Manning stayed standing, to the ire of Mark, who threatened to eject him. Much credit is owed to the House’s procedural clerk who smoothly proceeded to read out aloud the next item of business of the order paper and so diffuse the row between Manning and Mark.
Manning soon after held an impromptu media conference at which he denied knowing the details of the activities of the SIA, said that legislation had been due to legitimise the unit, and hit the Government for curbing it as he alleged they had ulterior motives in so doing.
Dr Keith Rowley held a news conference where he firmly distanced the PNM from the actions that occurred under the administration of Manning.
He said no one in the PNM had ever been elected to carry out any vendetta.
“I disassociate the PNM from individual wrongdoing, individual excesses, and wrongdoing on the part of office-holders.” An individual, he said, must be accountable for his own acts.

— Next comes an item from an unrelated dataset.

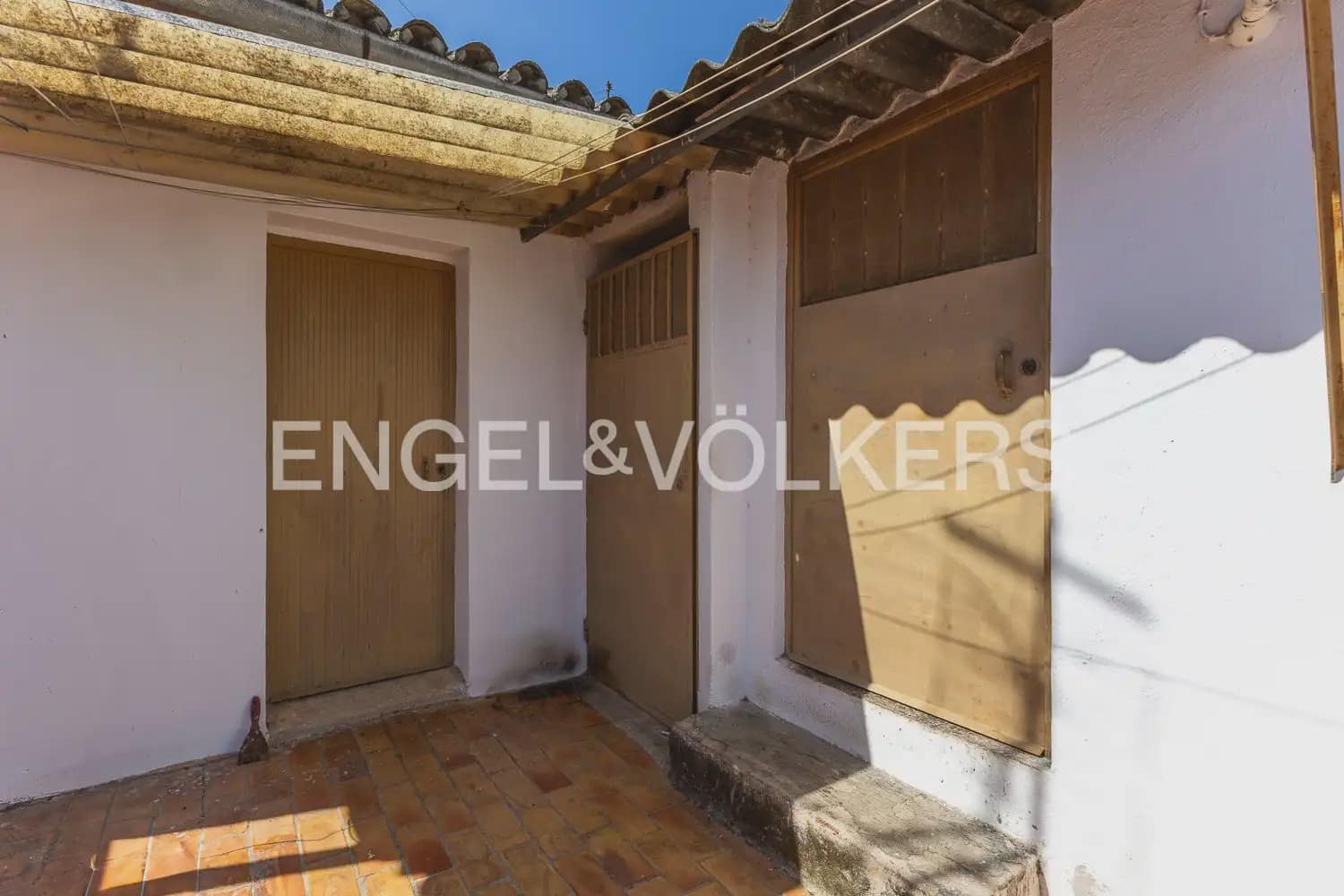 4 bedroom Townhouse for sale in Jalon / Xalo - € 253,000 (Ref: 9897962)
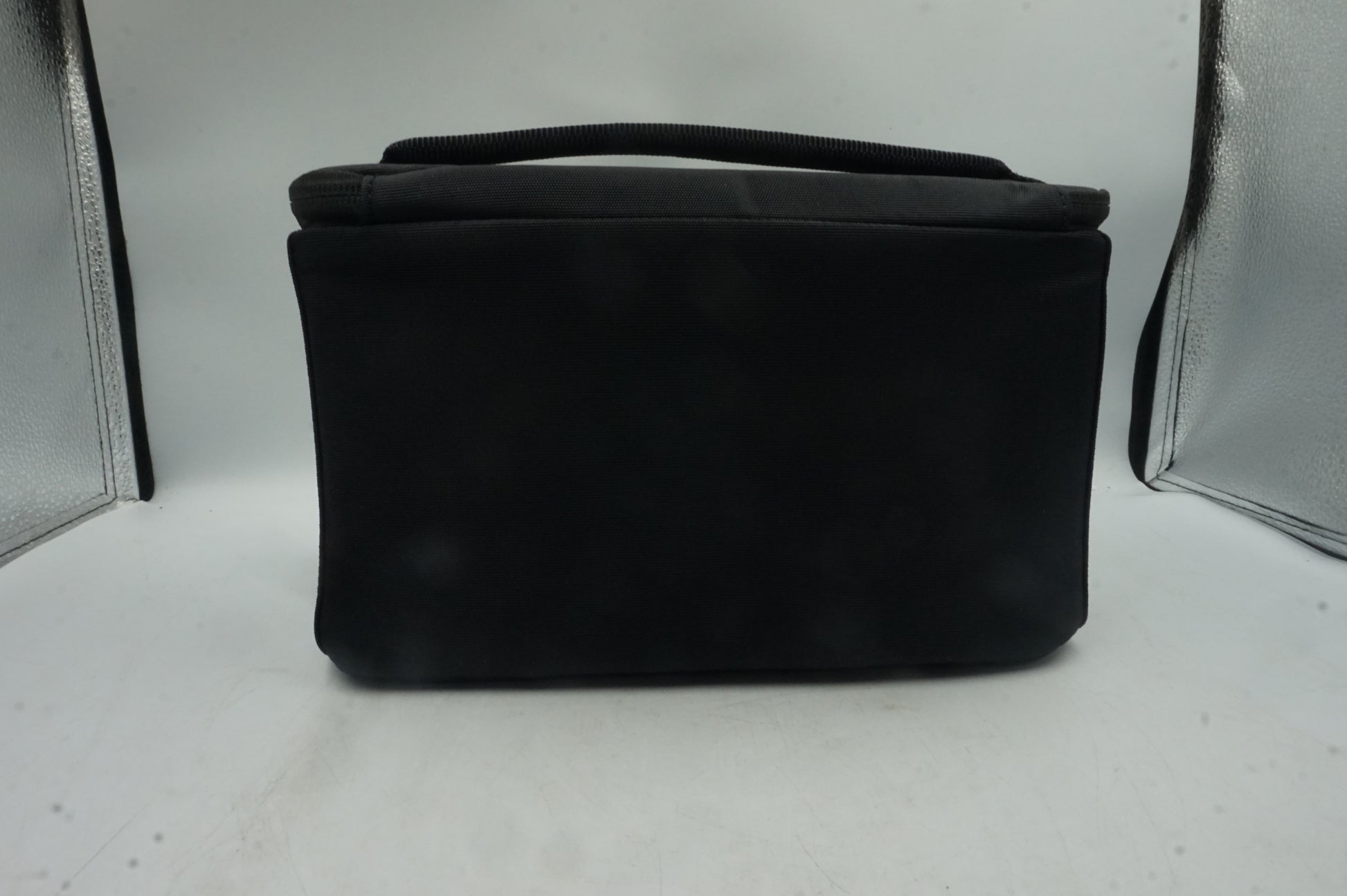 URTH arkose camera insert bag size small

“And in this matter, the PNM accepts no blame...I made it quite clear before that we have no intention of defending wrongdoing on the part of any individual, so I want to ask you all in treating with this matter, to leave the PNM out of it.”
Rowley said it was painful to see officeholders use State machinery to violate the rights of law-abiding citizens.
“I am a public figure, and I can’t tell you how I feel to know that the prime minister of the Cabinet in which I served, was having information which I consider to be...I can’t tell you how I feel to know I was subjected to that.”
Saying wiretapping is not illegal as it is not banned by any law, Rowley said a future Wiretapping Bill would bring consequences if it is violated.
He vowed to cooperate with the Government on such a Bill, but said Parliament must not only legislate but also actively debate the whole issue through a joint select committee sitting in camera (that is, in private).
Rowley said the issue must not be used for grandstanding or scoring political points, and he expressed concern about what now happens to any secret information from the wiretapping now coming into the possession of the new Government.
Without doubt the talk of the town through most of last week was the reported firing of CNMG talk-show host Fazeer Mohammed. This occurred two days after an interview which saw a clash of opinions between Mohammed and Minister of Foreign Affairs, Suruj Rambachan, as to whether Persad-Bissessar, as a woman, should be leader of this country.
Immediately upon landing at Piarco Airport at 6 am on Thursday on her return from her US trip, Persad-Bissessar fielded reporters’ queries on Mohammed. She denied any attack on media freedom and said Mohammed was being reassigned by CNMG management, but the Media Association of Trinidad and Tobago (MATT) loudly questioned the move, as did the general population for whom, up to Friday at least, no other issue in the country was more important. Dr Amery Browne on Friday in the Lower House alluded that Mohammed had been fired for his religious beliefs.